OLLE FORSSLÖF: What the books we publish have in common is that either me or Patrick is into something about the author or the artists. There’s no specific genre or style we’re really after. It’s just like either I like it, or Patrick likes it, or we both like it. So that’s the common theme, I guess.
PATRICK CROTTY: I think what Olle is saying is pretty correct. I was trying to explain this to somebody a couple of days ago, and I was like “Well, the books we publish are the books that we want to read.” It’s really, I guess, kind of narcissistic of us. We’re just making stuff that we like and, hopefully, other people enjoy the same things. It’s a nice way of doing things, because it means that everybody who is reading our books really, honestly has the same taste as us, and we’re not just catering for anyone specific.
Also, it’s books that we want to read, but also books that we feel other people wouldn’t publish. Not necessarily that they wouldn’t publish them at all, but we feel like they aren’t going to be published any time soon. I know with bigger book publishers, once someone makes a book, it sometimes takes a year for it to come out. If we work with somebody we usually get to see the results pretty quick.
BF: What do you think the reason is for these books not being picked up by other publishers?
FORSSLÖF: I’m not sure! It’s not like we’re looking at the edges of the community and looking for who are the worst artists.
CROTTY: [Laughs]
BF: [Laughs] It’s not a charitable endeavour?
CROTTY: No, no!
FORSSLÖF: Nothing like that! I think everyone we’ve worked with hasn’t made a comic before, or at least not a major comic book. They’re all debutants, more or less. A few of them are more into illustration, or animation. We’re taking on a lot of newbs, so to speak. Maybe bigger comic book publishers want to see the final comic laid in front of them, and say, “Yeah this is great, we will publish it,” while we are more like “Hey, do you wanna work together with us, we have maybe an idea or you could pitch us an idea and we can work on it together?” More often we’re building the book with the artist. We’re not taking any credit for the actual books, the story and stuff, but we often initiate the project with them.
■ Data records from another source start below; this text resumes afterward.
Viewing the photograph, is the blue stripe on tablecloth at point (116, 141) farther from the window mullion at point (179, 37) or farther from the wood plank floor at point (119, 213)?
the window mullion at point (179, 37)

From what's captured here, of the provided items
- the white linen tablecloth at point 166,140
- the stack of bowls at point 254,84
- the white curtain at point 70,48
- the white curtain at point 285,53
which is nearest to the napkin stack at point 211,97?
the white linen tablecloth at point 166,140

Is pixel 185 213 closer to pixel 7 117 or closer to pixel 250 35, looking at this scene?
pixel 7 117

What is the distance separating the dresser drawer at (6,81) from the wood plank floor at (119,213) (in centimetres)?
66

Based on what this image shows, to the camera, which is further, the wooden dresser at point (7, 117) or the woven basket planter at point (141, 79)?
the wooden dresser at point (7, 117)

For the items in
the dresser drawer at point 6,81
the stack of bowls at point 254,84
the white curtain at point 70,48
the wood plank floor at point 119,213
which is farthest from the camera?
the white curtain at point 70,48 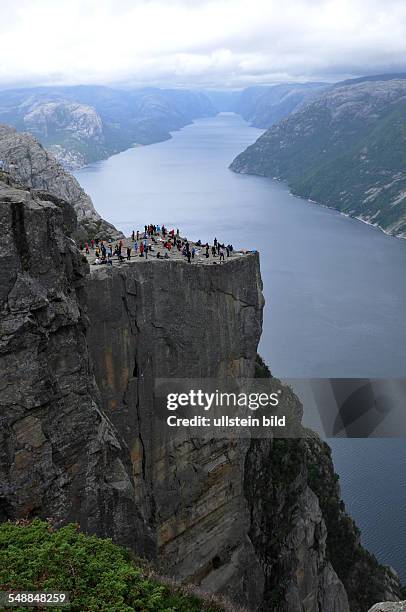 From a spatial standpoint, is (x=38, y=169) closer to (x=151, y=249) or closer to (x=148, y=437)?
(x=151, y=249)

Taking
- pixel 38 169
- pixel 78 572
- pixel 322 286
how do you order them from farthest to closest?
pixel 322 286 → pixel 38 169 → pixel 78 572

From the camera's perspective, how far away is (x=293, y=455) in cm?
3050

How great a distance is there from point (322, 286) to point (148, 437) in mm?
68211

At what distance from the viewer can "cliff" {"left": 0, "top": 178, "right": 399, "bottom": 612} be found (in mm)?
15977

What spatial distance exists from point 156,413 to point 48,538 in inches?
418

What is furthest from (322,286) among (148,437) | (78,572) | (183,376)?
(78,572)

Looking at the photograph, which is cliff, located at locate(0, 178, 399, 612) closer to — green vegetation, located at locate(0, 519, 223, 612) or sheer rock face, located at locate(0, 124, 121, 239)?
green vegetation, located at locate(0, 519, 223, 612)

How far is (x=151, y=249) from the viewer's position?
25016 millimetres

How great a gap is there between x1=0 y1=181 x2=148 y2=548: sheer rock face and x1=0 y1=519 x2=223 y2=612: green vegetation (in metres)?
2.71

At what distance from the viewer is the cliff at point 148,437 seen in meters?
16.0

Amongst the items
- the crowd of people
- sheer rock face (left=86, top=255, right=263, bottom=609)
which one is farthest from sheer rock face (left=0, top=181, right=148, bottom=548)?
the crowd of people

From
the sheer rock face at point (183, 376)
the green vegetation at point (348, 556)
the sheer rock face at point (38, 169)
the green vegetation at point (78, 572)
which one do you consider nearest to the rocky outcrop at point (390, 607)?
the green vegetation at point (78, 572)

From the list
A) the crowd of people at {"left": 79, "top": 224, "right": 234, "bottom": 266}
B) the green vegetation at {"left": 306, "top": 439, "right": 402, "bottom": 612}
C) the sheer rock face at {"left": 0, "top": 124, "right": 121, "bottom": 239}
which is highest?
the sheer rock face at {"left": 0, "top": 124, "right": 121, "bottom": 239}

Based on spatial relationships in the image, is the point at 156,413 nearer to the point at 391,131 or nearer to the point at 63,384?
the point at 63,384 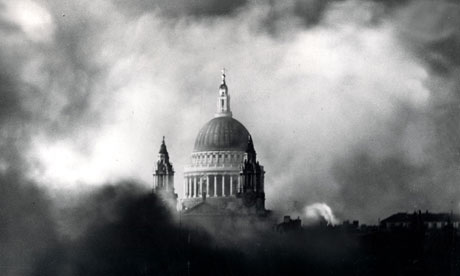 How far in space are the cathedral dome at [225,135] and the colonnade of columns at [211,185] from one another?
3749mm

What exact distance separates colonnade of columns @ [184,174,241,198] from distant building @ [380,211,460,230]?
46.4 metres

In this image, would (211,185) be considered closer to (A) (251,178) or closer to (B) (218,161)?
(B) (218,161)

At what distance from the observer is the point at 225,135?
612 ft

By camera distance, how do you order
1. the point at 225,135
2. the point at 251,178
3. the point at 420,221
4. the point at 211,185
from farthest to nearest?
the point at 211,185 < the point at 225,135 < the point at 251,178 < the point at 420,221

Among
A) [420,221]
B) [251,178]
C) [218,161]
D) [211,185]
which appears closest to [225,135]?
[218,161]

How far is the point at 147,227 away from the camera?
392 ft

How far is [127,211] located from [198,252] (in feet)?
30.1

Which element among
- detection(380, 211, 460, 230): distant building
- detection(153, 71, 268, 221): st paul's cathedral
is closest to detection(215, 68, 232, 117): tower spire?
detection(153, 71, 268, 221): st paul's cathedral

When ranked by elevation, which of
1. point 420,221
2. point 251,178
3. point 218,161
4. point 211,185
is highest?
point 218,161

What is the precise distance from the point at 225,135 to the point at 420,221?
183ft

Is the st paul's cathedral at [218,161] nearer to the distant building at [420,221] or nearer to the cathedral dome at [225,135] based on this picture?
the cathedral dome at [225,135]

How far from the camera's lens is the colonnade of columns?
186 meters

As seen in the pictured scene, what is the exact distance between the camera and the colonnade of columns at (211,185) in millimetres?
185875

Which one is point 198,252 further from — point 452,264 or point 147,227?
point 452,264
CROTTY: I think also the “risk” is these artists are often well-known on the internet for being really good at drawing, but maybe other publishers might be unsure since they don’t have a track record of making books before. And I know that a lot of the things that we do lean towards manga-inspired artwork, and I know, at least in the US, with indie comics, that isn’t as common. I don’t think that a lot of indie publishers want to work with stuff that looks like that. I don’t know if it doesn’t feel as “artful” to have that style, but a lot of people we work with, we’ve all grown up with this type of stuff and are inspired by it. At least from where we started out, in Sweden, there was maybe one or two styles that were really popular, and for us to be able to read anything else that we kind of enjoyed, the only option really was for us to create it ourselves.
BF: You say that a lot of the books Peow publishes are people’s first comic work. How do you find them? Is it meeting them at festivals, looking online, recommendations from other people?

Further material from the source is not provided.